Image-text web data
....

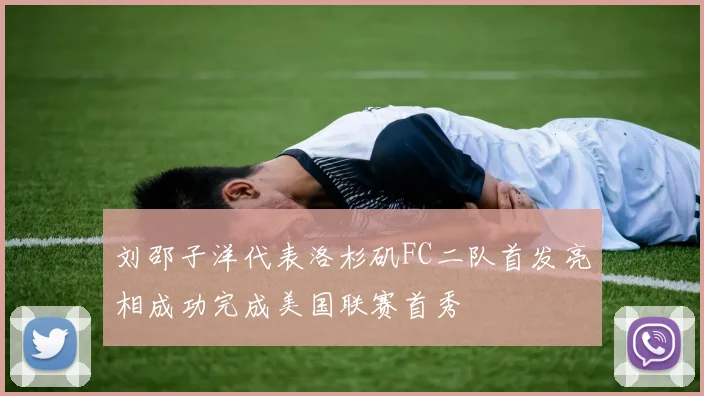 刘邵子洋代表洛杉矶FC二队首发亮相成功完成美国联赛首秀
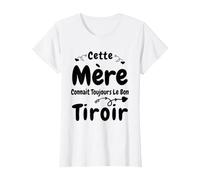 Cette Mère connaît Toujours Le Bon tiroir Drôle Mères T-Shirt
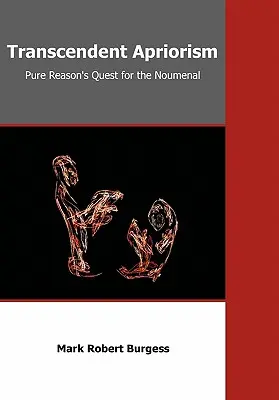 Apriorism transcendent: Căutarea rațiunii pure pentru noumenal - Transcendent Apriorism: Pure Reason's Quest for the Noumenal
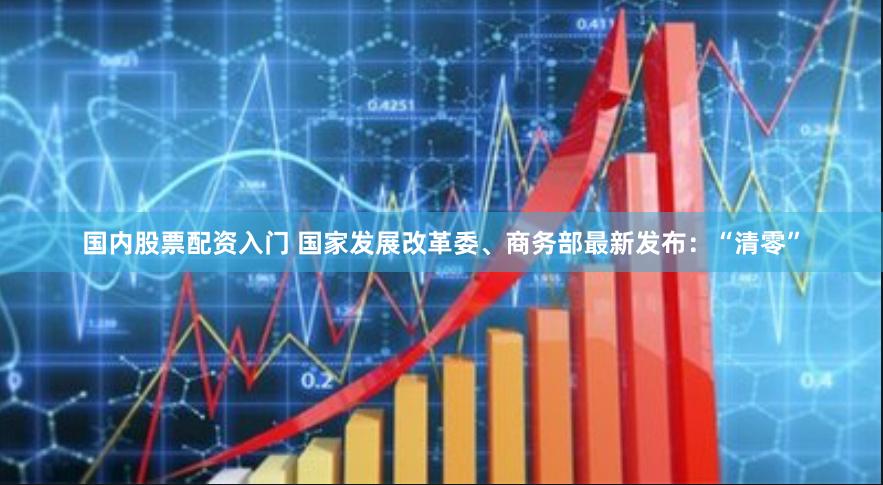 国内股票配资入门 国家发展改革委、商务部最新发布：“清零”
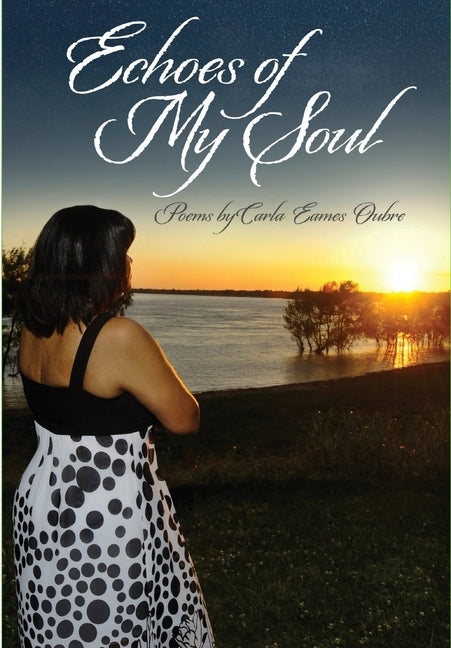 Echoes of My Soul by Eames Oubre, Carla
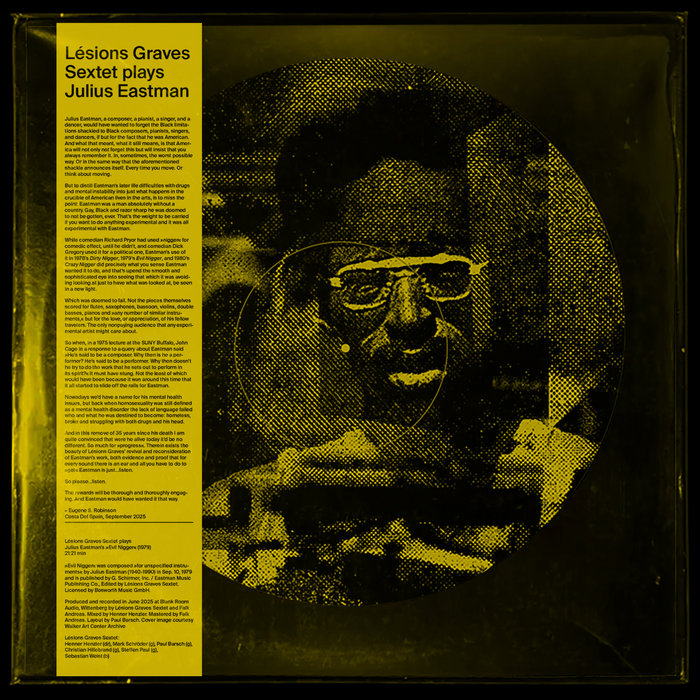 Pochette de Lésions Graves Sextet plays Julius Eastman par Lésions Graves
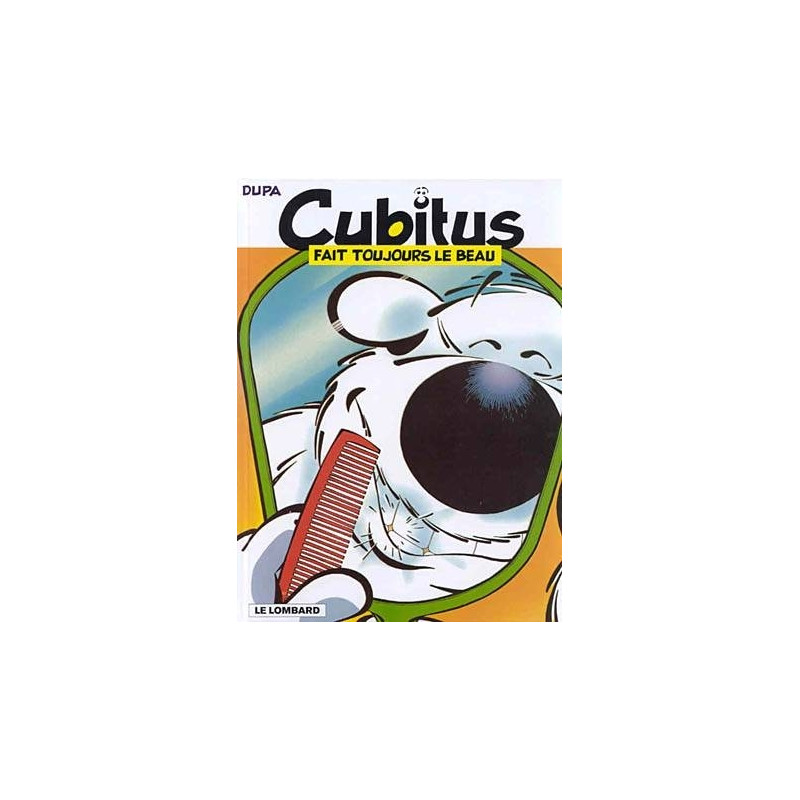 CUBITUS FAIT TOUJOURS LE BEAU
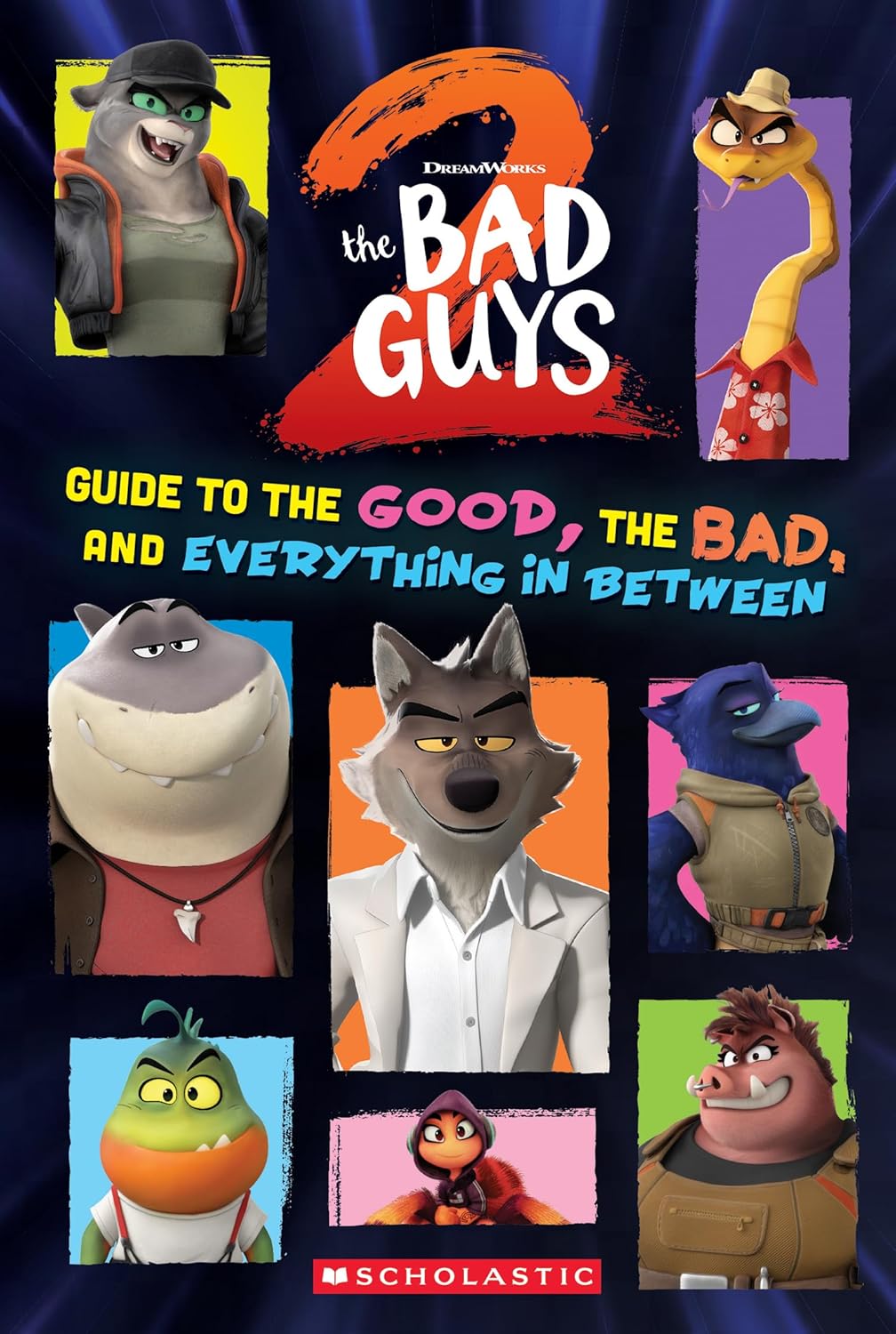 The Bad Guys 2: Guide to the Good, the Bad, and Everything in Between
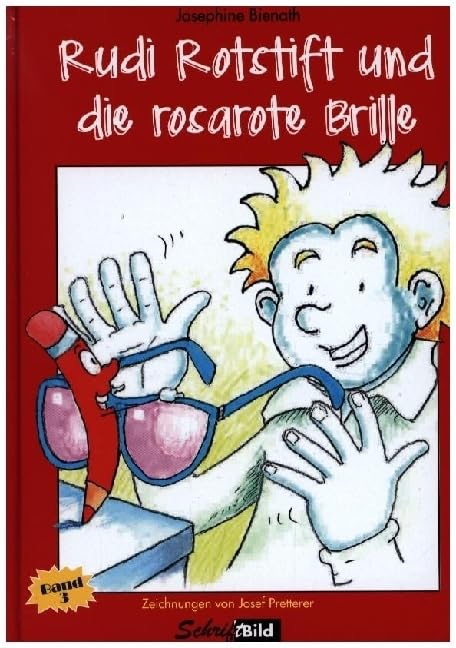 Rudi Rotstift und die rosa-rote Brille Novels & Short Stories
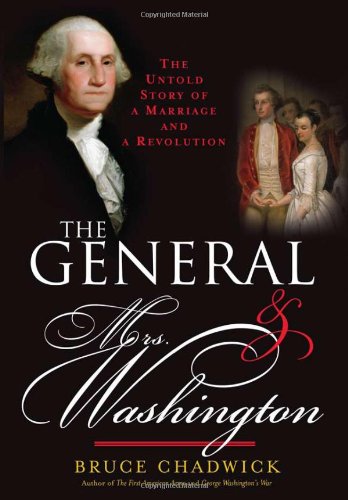 Beispielbild fr The General and Mrs. Washington : The Untold Story of a Marriage and a Revolution zum Verkauf von Better World Books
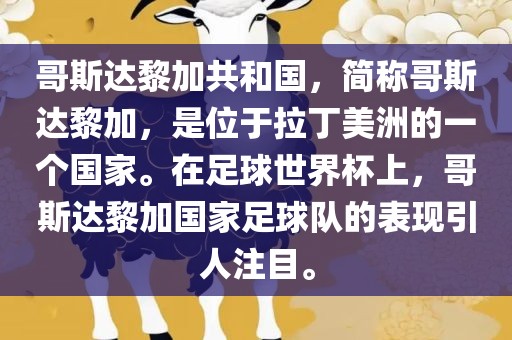 哥斯达黎加共和国,简称哥斯达黎加,是位于拉丁美洲的一个国家。在足球世界杯上,哥斯达黎加国家足球队的表现引人注目。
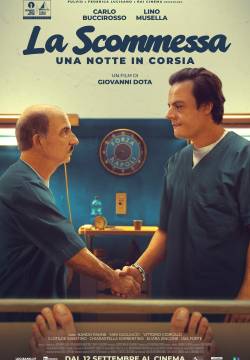 La scommessa - Una notte in corsia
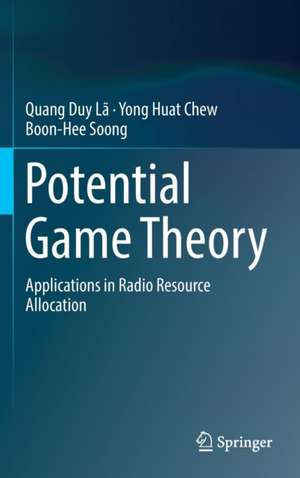 Potential Game Theory: Applications in Radio Resource Allocation de Quang Duy Lã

....

- WHAT YOU NEED TO DO -
Output the data exactly as it is, with the pictures dropped.

- ANSWER FOR THE TASK -
 刘邵子洋代表洛杉矶FC二队首发亮相成功完成美国联赛首秀
 Cette Mère connaît Toujours Le Bon tiroir Drôle Mères T-Shirt
 Apriorism transcendent: Căutarea rațiunii pure pentru noumenal - Transcendent Apriorism: Pure Reason's Quest for the Noumenal
 国内股票配资入门 国家发展改革委、商务部最新发布：“清零”
 Echoes of My Soul by Eames Oubre, Carla
 Pochette de Lésions Graves Sextet plays Julius Eastman par Lésions Graves
 CUBITUS FAIT TOUJOURS LE BEAU
 The Bad Guys 2: Guide to the Good, the Bad, and Everything in Between
 Rudi Rotstift und die rosa-rote Brille Novels & Short Stories
 Beispielbild fr The General and Mrs. Washington : The Untold Story of a Marriage and a Revolution zum Verkauf von Better World Books
 哥斯达黎加共和国,简称哥斯达黎加,是位于拉丁美洲的一个国家。在足球世界杯上,哥斯达黎加国家足球队的表现引人注目。
 La scommessa - Una notte in corsia
 Potential Game Theory: Applications in Radio Resource Allocation de Quang Duy Lã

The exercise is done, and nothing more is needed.